`The average grade point average (GPA) of undergraduate students in New York is normally distributed with a population mean of 2.5 and a population standard deviation of 0.4. Compute the following, showing all work:
1) The percentage of students with GPA's between 2.0 and 2.6
2) The percentage of students with GPA's below 2.7
3) Above what GPA will the top 7% of the students be(i.e., compute the 93rd percentile)
4) If a sample of 49 students is taken, what is the probability that the sample mean GPA will be between 2.60 and 2.70?
To solve these problems, we will use the standard normal distribution. Since we know the population mean and standard deviation, we can convert the given values to their corresponding z-scores, which will allow us to use the standard normal distribution table.
1) The percentage of students with GPAs between 2.0 and 2.6:
First, we find the z-scores corresponding to both GPA values:
z1 = (2.0 - 2.5) / 0.4 = -1.25
z2 = (2.6 - 2.5) / 0.4 = 0.25
Next, we need to find the area under the standard normal distribution curve between these two z-scores. By referring to the standard normal distribution table (or using a calculator/app that provides such functionality), we find the corresponding values:
P(z < -1.25) = 0.1056
P(z < 0.25) = 0.5987
To find the percentage of students with GPAs between 2.0 and 2.6, we calculate:
Percentage = (0.5987 - 0.1056) * 100
= 49.31%
Therefore, approximately 49.31% of students have GPAs between 2.0 and 2.6.
2) The percentage of students with GPAs below 2.7:
First, we need to find the z-score for GPA 2.7:
z = (2.7 - 2.5) / 0.4 = 0.5
Now, we find the area under the standard normal distribution curve to the left of this z-score:
P(z < 0.5) = 0.6915
Therefore, approximately 69.15% of students have GPAs below 2.7.

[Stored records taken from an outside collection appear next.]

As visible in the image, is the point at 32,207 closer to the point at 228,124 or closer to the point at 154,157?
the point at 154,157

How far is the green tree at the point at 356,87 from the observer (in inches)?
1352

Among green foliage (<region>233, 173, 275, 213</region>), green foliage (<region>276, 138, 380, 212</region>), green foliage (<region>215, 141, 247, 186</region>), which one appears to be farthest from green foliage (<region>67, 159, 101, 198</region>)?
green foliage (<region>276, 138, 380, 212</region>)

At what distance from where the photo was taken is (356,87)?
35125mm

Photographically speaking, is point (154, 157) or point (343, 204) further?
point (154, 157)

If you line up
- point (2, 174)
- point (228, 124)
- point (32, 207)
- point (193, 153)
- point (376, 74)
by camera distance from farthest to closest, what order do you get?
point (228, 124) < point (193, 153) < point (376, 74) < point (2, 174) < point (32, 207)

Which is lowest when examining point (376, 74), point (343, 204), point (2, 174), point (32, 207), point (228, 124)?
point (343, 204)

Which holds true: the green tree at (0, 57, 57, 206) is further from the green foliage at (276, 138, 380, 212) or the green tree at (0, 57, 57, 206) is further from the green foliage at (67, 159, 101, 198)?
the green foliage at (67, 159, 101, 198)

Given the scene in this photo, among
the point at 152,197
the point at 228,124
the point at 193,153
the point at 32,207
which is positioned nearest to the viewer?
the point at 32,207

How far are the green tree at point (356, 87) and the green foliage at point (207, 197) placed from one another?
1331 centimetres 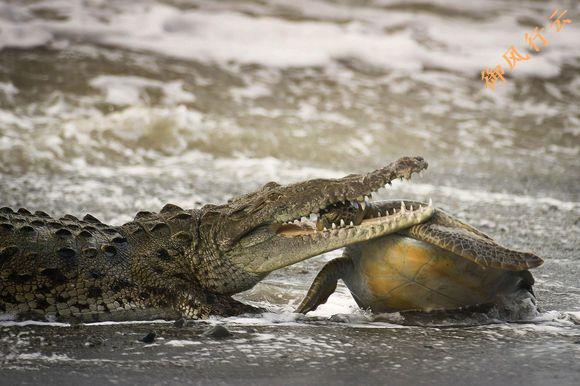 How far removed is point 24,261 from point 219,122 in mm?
7160

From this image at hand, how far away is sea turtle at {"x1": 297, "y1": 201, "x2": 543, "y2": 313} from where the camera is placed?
4754mm

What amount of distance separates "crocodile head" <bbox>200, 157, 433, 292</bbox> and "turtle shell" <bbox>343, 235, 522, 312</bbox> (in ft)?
0.48

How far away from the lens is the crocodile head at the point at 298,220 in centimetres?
489

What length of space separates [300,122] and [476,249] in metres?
7.75

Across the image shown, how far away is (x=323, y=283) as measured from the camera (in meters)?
5.11

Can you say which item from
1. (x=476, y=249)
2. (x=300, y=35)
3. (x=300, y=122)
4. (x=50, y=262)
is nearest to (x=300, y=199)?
(x=476, y=249)

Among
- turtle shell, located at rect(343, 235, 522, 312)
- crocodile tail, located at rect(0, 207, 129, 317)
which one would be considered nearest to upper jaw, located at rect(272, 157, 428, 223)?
turtle shell, located at rect(343, 235, 522, 312)

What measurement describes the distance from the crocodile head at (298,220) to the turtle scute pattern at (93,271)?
0.22m

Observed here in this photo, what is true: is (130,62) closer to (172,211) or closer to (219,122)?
(219,122)

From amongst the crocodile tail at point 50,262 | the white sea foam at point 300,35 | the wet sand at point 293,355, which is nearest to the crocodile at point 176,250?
the crocodile tail at point 50,262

3) The GPA above which the top 7% of students will be:
We are looking for the GPA value that corresponds to the 93rd percentile. We need to find the z-score that corresponds to this percentile:
P(Z > z) = 0.07
From the standard normal distribution table, we find the z-score for a cumulative probability of 0.93, which is approximately 1.48.
Now, we can solve for the corresponding GPA value:
z = (GPA - 2.5) / 0.4
1.48 = (GPA - 2.5) / 0.4
Simplifying this equation:
0.592 = GPA - 2.5
GPA = 2.5 + 0.592
GPA = 3.092
Therefore, the GPA above which the top 7% of students will be is approximately 3.092.

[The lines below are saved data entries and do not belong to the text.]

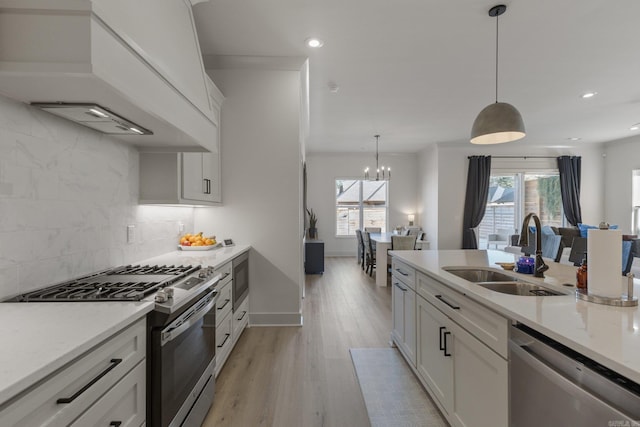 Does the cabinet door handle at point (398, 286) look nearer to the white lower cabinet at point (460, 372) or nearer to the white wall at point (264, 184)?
the white lower cabinet at point (460, 372)

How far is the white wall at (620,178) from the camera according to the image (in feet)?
22.6

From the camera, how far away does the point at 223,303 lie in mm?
2467

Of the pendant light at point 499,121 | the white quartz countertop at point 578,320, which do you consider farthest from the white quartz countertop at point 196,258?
the pendant light at point 499,121

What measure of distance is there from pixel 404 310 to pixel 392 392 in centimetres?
61

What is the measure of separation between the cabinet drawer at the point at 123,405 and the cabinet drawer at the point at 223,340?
3.49ft

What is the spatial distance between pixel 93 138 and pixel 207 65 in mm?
1840

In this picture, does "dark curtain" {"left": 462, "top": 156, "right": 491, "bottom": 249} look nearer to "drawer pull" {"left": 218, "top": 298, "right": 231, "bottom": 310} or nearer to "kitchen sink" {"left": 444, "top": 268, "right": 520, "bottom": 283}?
"kitchen sink" {"left": 444, "top": 268, "right": 520, "bottom": 283}

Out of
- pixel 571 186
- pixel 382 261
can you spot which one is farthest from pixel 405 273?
pixel 571 186

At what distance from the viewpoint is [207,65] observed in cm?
334

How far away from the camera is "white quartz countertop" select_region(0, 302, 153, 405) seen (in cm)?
75

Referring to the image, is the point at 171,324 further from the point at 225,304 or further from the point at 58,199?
the point at 225,304

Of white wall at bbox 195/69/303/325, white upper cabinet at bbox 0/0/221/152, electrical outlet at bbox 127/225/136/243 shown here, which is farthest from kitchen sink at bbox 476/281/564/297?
electrical outlet at bbox 127/225/136/243

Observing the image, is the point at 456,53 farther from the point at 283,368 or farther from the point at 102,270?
the point at 102,270

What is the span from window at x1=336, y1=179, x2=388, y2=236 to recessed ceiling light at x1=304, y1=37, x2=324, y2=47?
18.9ft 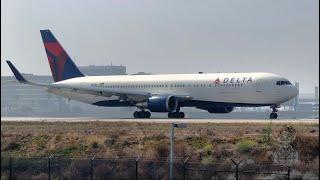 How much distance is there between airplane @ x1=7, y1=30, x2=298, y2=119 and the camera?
71.3 metres

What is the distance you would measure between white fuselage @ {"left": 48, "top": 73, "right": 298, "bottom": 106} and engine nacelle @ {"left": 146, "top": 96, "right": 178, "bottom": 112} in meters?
1.46

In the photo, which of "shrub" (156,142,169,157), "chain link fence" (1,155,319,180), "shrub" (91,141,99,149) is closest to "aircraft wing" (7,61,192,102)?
"shrub" (91,141,99,149)

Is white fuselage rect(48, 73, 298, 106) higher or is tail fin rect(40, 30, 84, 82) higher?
tail fin rect(40, 30, 84, 82)

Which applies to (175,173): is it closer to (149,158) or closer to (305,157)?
(149,158)

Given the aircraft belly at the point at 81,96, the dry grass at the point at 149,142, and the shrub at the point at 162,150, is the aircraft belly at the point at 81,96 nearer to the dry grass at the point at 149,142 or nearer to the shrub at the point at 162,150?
the dry grass at the point at 149,142

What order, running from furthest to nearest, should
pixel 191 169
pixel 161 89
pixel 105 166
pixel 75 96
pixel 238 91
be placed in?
pixel 75 96 → pixel 161 89 → pixel 238 91 → pixel 105 166 → pixel 191 169

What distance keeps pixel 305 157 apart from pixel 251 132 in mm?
11556

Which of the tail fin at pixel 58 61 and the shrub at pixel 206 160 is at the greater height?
the tail fin at pixel 58 61

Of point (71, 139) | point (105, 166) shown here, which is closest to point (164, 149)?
point (105, 166)

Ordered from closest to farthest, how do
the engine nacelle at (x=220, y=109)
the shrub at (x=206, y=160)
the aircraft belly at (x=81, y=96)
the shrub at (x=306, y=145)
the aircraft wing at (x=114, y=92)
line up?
the shrub at (x=206, y=160), the shrub at (x=306, y=145), the engine nacelle at (x=220, y=109), the aircraft wing at (x=114, y=92), the aircraft belly at (x=81, y=96)

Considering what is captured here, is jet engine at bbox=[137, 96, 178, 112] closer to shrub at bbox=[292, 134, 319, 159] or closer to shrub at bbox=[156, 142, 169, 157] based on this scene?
shrub at bbox=[156, 142, 169, 157]

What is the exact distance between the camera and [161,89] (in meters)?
78.0

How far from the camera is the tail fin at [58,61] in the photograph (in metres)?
88.1

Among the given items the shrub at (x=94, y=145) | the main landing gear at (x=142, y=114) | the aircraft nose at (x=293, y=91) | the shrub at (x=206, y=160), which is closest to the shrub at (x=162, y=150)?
the shrub at (x=206, y=160) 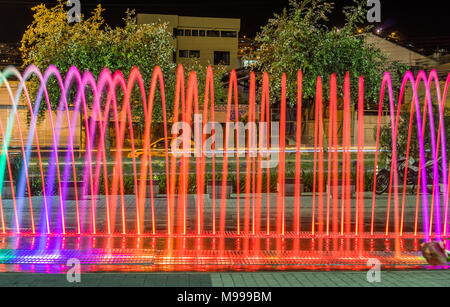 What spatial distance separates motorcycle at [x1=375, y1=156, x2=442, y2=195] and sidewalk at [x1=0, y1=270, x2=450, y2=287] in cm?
1089

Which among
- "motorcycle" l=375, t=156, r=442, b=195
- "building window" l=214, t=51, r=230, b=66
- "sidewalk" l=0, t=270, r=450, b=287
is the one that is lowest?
"sidewalk" l=0, t=270, r=450, b=287

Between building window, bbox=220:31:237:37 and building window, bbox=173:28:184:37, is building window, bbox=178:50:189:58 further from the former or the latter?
building window, bbox=220:31:237:37

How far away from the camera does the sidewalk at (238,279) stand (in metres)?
7.08

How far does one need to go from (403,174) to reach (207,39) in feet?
155

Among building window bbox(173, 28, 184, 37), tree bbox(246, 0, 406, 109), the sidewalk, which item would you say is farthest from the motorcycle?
building window bbox(173, 28, 184, 37)

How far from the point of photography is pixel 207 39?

4) The probability that the sample mean GPA will be between 2.60 and 2.70 (assuming a sample size of 49):
Since we are dealing with the sample mean GPA, we will use the concept of the sampling distribution of the mean. According to the Central Limit Theorem, as long as the sample size is large enough (typically above 30), the sampling distribution of the mean will be approximately normally distributed, regardless of the shape of the population distribution.
To find the probability, we need to calculate the z-scores for both GPA values:
z1 = (2.60 - 2.5) / (0.4 / sqrt(49)) = 1.23
z2 = (2.70 - 2.5) / (0.4 / sqrt(49)) = 1.73
Now, we need to find the area under the standard normal distribution curve between these two z-scores. Using the standard normal distribution table or a calculator/app, we find:
P(1.23 < z < 1.73) = P(z < 1.73) - P(z < 1.23)
= 0.9571 - 0.8915
= 0.0656
Therefore, the probability that the sample mean GPA is between 2.60 and 2.70 is approximately 0.0656, or 6.56%.